Each Inn offers scholarships, residential and non‑residential courses, qualifying sessions (often still based around dining in hall) and mentoring schemes designed to support students and new practitioners. This allows the Inns to preserve the tradition of learning through community and example, while aligning with modern requirements for structured, assessed training.​

Governance, discipline and “call”

The governing body of each Inn is its benchers, who are senior barristers and judges elected from the membership and responsible for strategy, finances, estates and professional standards. Benchers also play a ceremonial and mentoring role, presiding over calls to the Bar and participating in educational events that connect aspiring barristers with the senior judiciary.​

The Inns collectively, through the Council of the Inns of Court (COIC), participate in disciplinary arrangements for serious cases of professional misconduct and in oversight of certain tribunals. Although frontline regulation now lies primarily with the Bar Standards Board, the Inns’ disciplinary and ethical traditions continue to shape expectations of barristers’ conduct and collegiate responsibilities.​

Physical estates and architecture

Each Inn occupies a substantial estate in central London, consisting of historic halls, libraries, sets of chambers, gardens and squares. Lincoln’s Inn, for example, combines medieval and Victorian buildings around Old and New Squares with extensive gardens, while also operating one of the principal specialist law libraries for the Bar.​

The Inner and Middle Temple share the ancient Temple Church, originally built by the Knights Templar, and their precincts include Georgian and later ranges that were significantly rebuilt after bomb damage in the Second World War. Gray’s Inn, though smaller, has its own hall, chapel and walk, and like the other Inns maintains and restores its estate as both a working legal campus and a heritage site open in part to the public.​

Social and cultural life

The Inns maintain a dense social calendar of dinners, lectures, concerts and moots that reinforce community and professional identity. Dining in hall, while no longer the exclusive precondition for practice, remains central to the experience of students and members, symbolising continuity with medieval and early modern collegiate life.​

Cultural activities—such as art collections, music in chapel, historical exhibitions and guided tours—highlight the Inns’ role as custodians of legal heritage. This public‑facing dimension sits alongside their day‑to‑day function as workplaces for hundreds of sets of chambers, making the Inns living institutions rather than preserved museums.​

Comparative position today

In contemporary terms, the Inns of Court function as professional associations, educational charities and property‑owning trusts rather than as statutory regulators. They stand alongside bodies such as the Bar Council and Bar Standards Board, complementing rather than duplicating their representative and regulatory roles.​

Their continued requirement for membership and participation in qualifying sessions before call to the Bar ensures that every practising barrister has a collegiate affiliation rooted in centuries of tradition.

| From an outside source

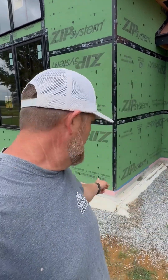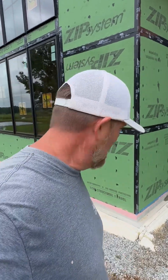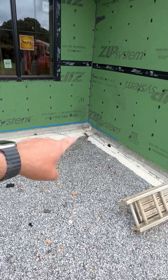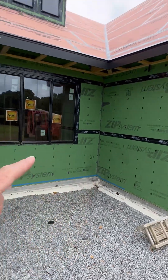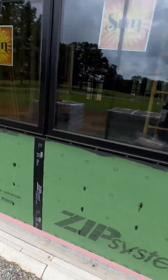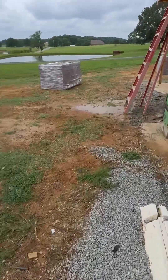Y'all know the other day I was applying the Prosoco R-Guard onto that critical joint between the framing and this concrete slab — how important it is to seal that up, air and water seal. Well, I ran out the other day, so I got my masking tape on there. It's been raining most of the day, water's been splashing up onto that section, and I just want to show you how water can wick into a house through the bottom plate. It wasn't raining hard, but look.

In this sense, the Inns provide a distinctive institutional framework that differentiates the English and Welsh Bar from many other advocacy professions worldwide, where such collegiate structures have no direct equivalent.​

Historical significance

Historically, the Inns of Court served as the primary training ground for the common law judiciary and Bar over several centuries, profoundly influencing the development of English legal doctrine and professional ethics. Their practices of moot argument, readerships and communal debate contributed to a culture of adversarial advocacy and respect for precedent that shaped not only domestic law but also the common law traditions exported across the British Empire.​

As architectural ensembles and repositories of records, libraries and archives, the Inns preserve unique material evidence of legal, political and literary history, from medieval manuscripts to modern case reports. Their history thus intertwines with broader narratives of English governance, state formation and the evolution of the legal profession from clerical beginnings to a secular, self‑conscious Bar.